Abstract
Purpose of Review: This review gives an overview of the roles of histone acetylation and methylation in obesity and related metabolic diseases. Recent Findings: Nutrition can change gene expression via epigenetics such as DNA methylation and post-translational modifications of histones. A growing number of both experimental and clinical studies suggested that histone modifications are very sensitive to changes in nutritional availability and potentially impact the development and progression of metabolic disorders. Recent advances in proteomic studies provided evidence linking histone modifications to over-nutrition and metabolic dysregulation. In this review, we will summarize the recent findings on two classical histone modifications, i.e., acetylation and methylation and the related findings from clinical studies and potential applications.
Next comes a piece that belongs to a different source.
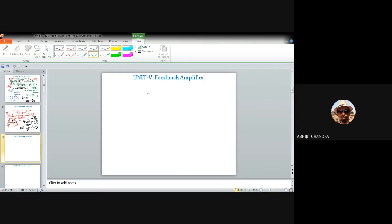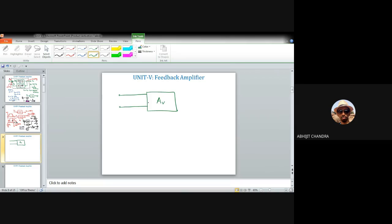Depending on the type of sampling and mixing, you have two possibilities each: you can sample a voltage or current signal, and you can mix a voltage or current signal. Altogether there are four different possible topologies for any feedback network.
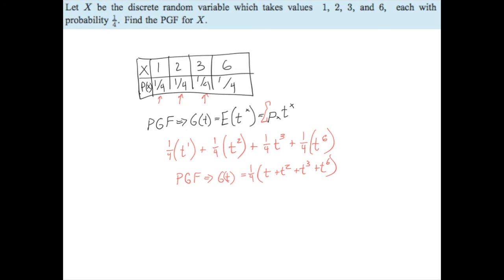Now what do we do with this and why do we care? That'll come in my next couple of videos. Let's first get used to the idea of the PGF and how to find it, and then we'll talk about why we do it and what we can do with it.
Summary: The involvement of histone modifications in the progression of metabolic diseases is now widely appreciated. Over the recent years, mass spectrometry-based proteomics approaches discovered and mapped different kind of histone modifications linking obesity and metabolic diseases. The list of these modifications is evergrowing; however, their functions and roles in obesity are not well understood. Same as for the most well studied histone modifications, namely acetylation and methylation. Although much has been learnt from these two modifications, their contributions in regulation of metabolism are still largely unknown. It will be necessary to carry out more studies to further dissect the importance of the availability of substrates and activities of the enzymes for histone acetylation and methylation in the metabolic tissues.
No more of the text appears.